Eta Compute Inc., a company dedicated to delivering machine learning to mobile and edge devices using its revolutionary new platform, announces the first shipment of production silicon for its ECM3532, the world’s first AI multicore processor for embedded sensor applications. This unique multicore device features the company’s patented Continuous Voltage Frequency Scaling (CVFS) and delivers power consumption of microwatts for many sensing applications.
Eta Compute’s ECM3532 is a Neural Sensor Processor (NSP) for always-on image and sensor applications. It will be on display at the 2020 tinyML Summit, February 12-13 at Samsung Electronics in San Jose, California. Eta Compute is a Gold Sponsor of tinyML and will demonstrate the ECM3532 for image recognition and other edge sensing applications. The objective of the entire tinyML community is to enable ultra-low power machine learning at the network edge.

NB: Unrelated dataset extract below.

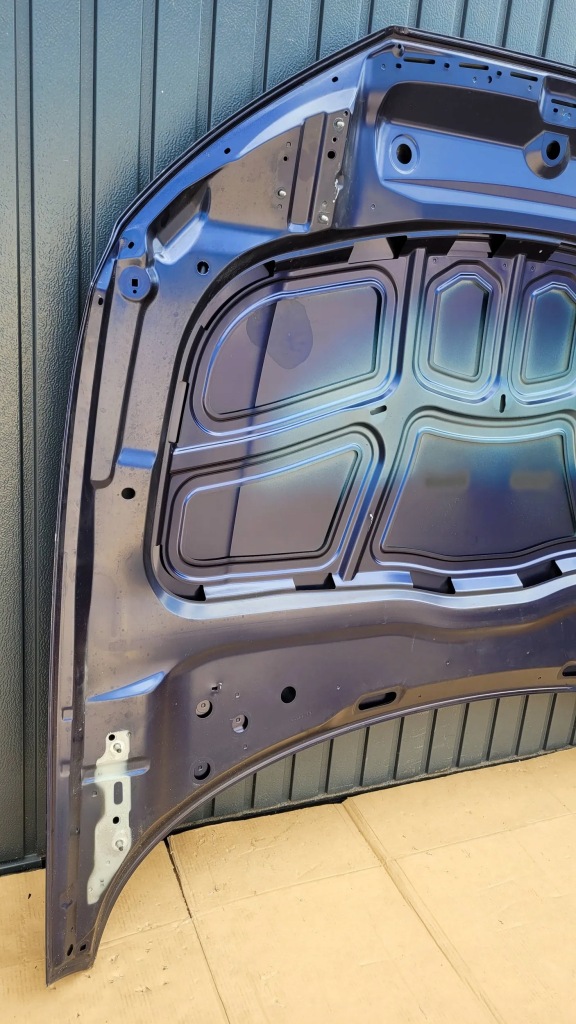 Audi a4 b9 8w 15- капот кришка двигуна fv в Україні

“Our Neural Sensor Platform is a complete software and hardware platform that delivers more processing at the lowest power profiles in the industry. This essentially eliminates battery capacity as a barrier to thousands of IoT consumer and industrial applications,” said Ted Tewksbury, CEO of Eta Compute. “We are excited to see the first of many applications our customers are developing come to market later this year.”
Eta Compute’s ECM3532 family brings AI to edge devices and transforms sensor data into actionable information for voice, activity, gesture, sound, image, temperature, pressure, and bio-metrics applications, among others. The platform solves issues for the most important issues in edge computing: longer battery life, shorter response time, increased security and higher accuracy.
“We believe that power consumption, latency and data generation combined with RF transmission are all factors limiting many sensing applications,” said Jim Feldhan, president and founder at Semico Research. “It’s great seeing Eta Compute’s platform coming into the market. Their technology is orders of magnitude more power-efficient than any other technology I have seen to date and it will certainly make AI at the edge a reality.”
ECM3532
The company’s standalone AI platform includes a multicore processor, that includes flash memory, SRAM, I/O, peripherals and a machine learning software development platform. The patented CVFS substantially increases performance and efficiency for edge devices. The self-timed CVFS architecture automatically and continuously adjusts internal clock rate and supply voltage to maximize energy efficiency for the given workload. The ECM3532 multicore NSP combines an MCU and a DSP, both with CVFS, to optimize execution for the best efficiency making it an ideal solution for IoT sensor nodes.
Key Features:
- 5 x 5 mm 81 ball BGA
- As low as 100μW active power consumption in always-on applications
- Arm Cortex-M3 processor with 256KB SRAM, 512KB Flash
- 16b Dual MAC DSP with 96KB dedicated SRAM for ML acceleration
- Neural Development SDK with TensorFlow interface for seamless model integration into the ECM3532
Partner Quotes
“It’s exciting to see innovative products for low power machine learning being launched at tinyML where experts from the industry, academia, start-ups and government labs share the innovations to drive the whole ecosystem forward,” said Pete Warden, Google Researcher and General Co-chair of the tinyML organization.
“We are amazed by the ECM3532 and its efficiency for machine learning in sensing applications,” said Zach Shelby, CEO of Edge Impulse. “It is an ideal fit for our TinyML lifecycle solution that transforms developers’ abilities to deploy ML for embedded devices by gathering data, building a model that combines signal processing, neural networks and anomaly detection to understand the real world.”
“Himax Imaging HM01B0 and new HM0360 are among the industry’s lowest power image sensors with autonomous operation modes and advanced features to reduce power, latency and system overhead. Our image sensors can operate in sub-mW range and when paired with the low power multi-core processors such as Eta Compute’s ECM3532, developers can quickly deploy edge devices that perform image inference under 1mW,” said Amit Mittra, CTO of Himax Imaging.